“Às margens de um rio que quem sabe dorme” Escrito para o Criticatividade
Geo-coreo-poema. Usaria uma dessas palavras compostas, até populares demais hoje em dia (e gratuitas, muitas vezes), não para sugerir que aquilo que “Cão Sem Plumas” faz seja algo de inédito para a dança, mas porque parece, realmente, algo de novo — e de uma proposta profundamente trabalhada, pensada e planejada — para a Companhia de Dança Deborah Colker.

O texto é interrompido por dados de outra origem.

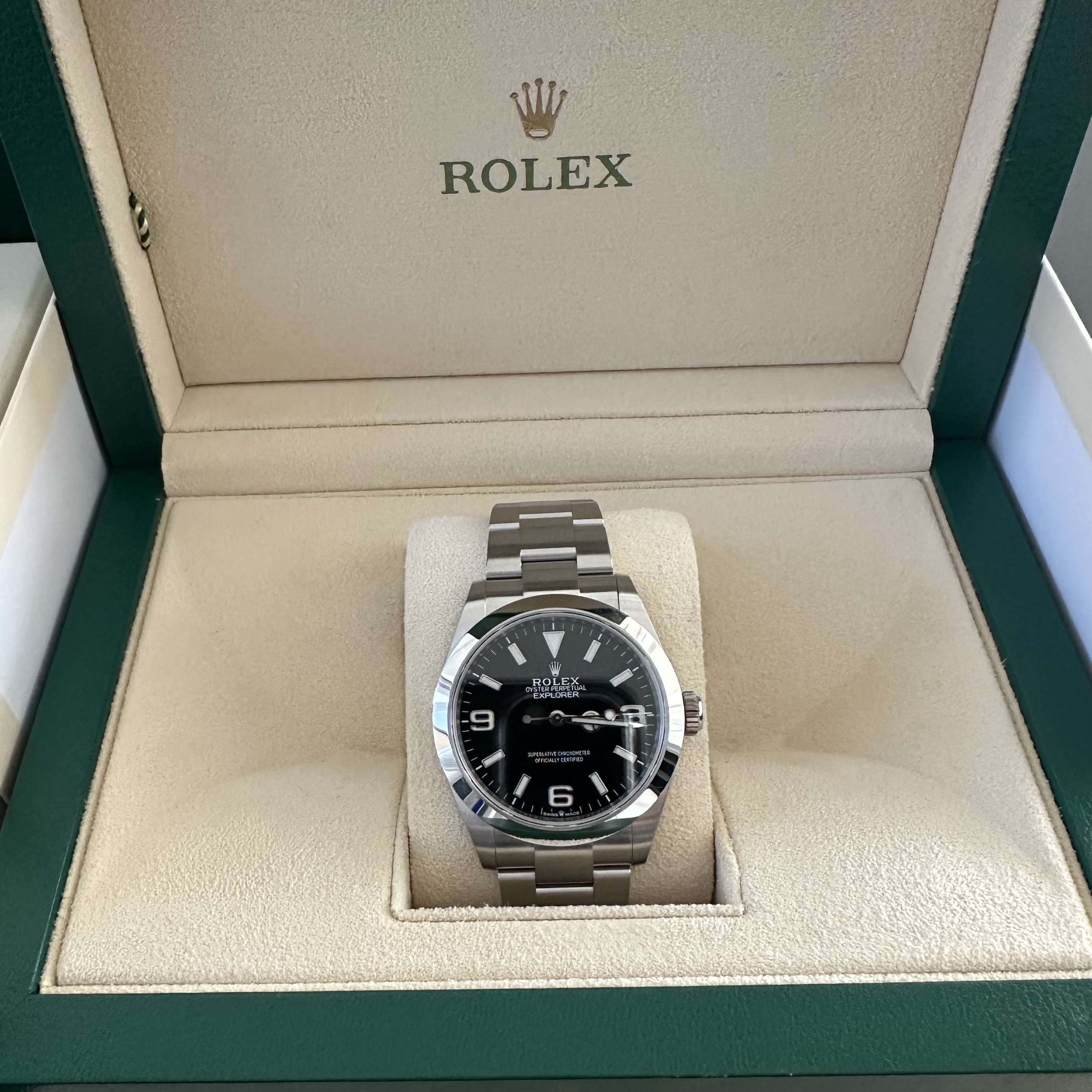 Rolex Explorer 40mm 224270 Black Oyster 착용 스타일 - 4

Habituados a encontrar em cena os desenvolvimentos de alta fisicalidade, e a estética quase que clássica, constantemente pomposa, da coreógrafa carioca, aqui nos afundamos em um rio que se esconde em um terreno árido, cobrimos os corpos de lama, e dele saímos molhados, mas com a lama ressecando sobre a pele, misturando o rio e o corpo, craquelando, formando uma crosta que faz — bailarinos e público — levarem consigo o rio, a lama, e o espetáculo.
É essa a imagem que Colker usa para compor sua obra baseada no poema homônimo de João Cabral de Melo Neto. Natural do Recife, e tendo passado diversos momentos da vida fora de sua terra, o poeta carregava consigo a lembrança imagética, que fundamentalmente ilustra um pensamento político sobre a sua terra. Por ele, a imagem é transformada na metáfora do rio Capibaribe, indicativa da situação precária de vida no Recife, de seus extremos e disparidades.
O poema é melódico, rítmico, e trabalha insistentemente por construções curtas e sucessivas, que vão acumulando novos detalhes na formação de suas imagens, que constantemente mesclam os indivíduos ao espaço — de onde vêm, e o qual os constitui. O mesmo propósito íntimo-geográfico de João Cabral é replicado na obra de Colker, em seus dois elementos mais fundamentais: movimentação, e estrutura cênica.
Em comparação com os palcos das últimas obras da companhia, o palco de “Cão Sem Plumas” à primeira vista parece assustadoramente esvaziado. Impressão enganadora: todo o fundo do palco rapidamente se transforma numa imensa tela onde é projetado um filme, realizado por Cláudio Assis e Colker, gravado pelos caminhos do Capibaribe, com os bailarinos da companhia.
Grandiosidade incomensurável: as imagens da tela permitem tanto o plano aberto do macro como a aproximação micro em detalhes mínimos do terreno e dos bailarinos, nos fazendo navegar por um universo que, mesmo sozinho, seria interessante. Frente a essa imensidão visual, se colocam os bailarinos do elenco, com figurinos e maquiagem que dão a impressão de estarem nus e cobertos de lama, se confundindo e se misturando com o rio.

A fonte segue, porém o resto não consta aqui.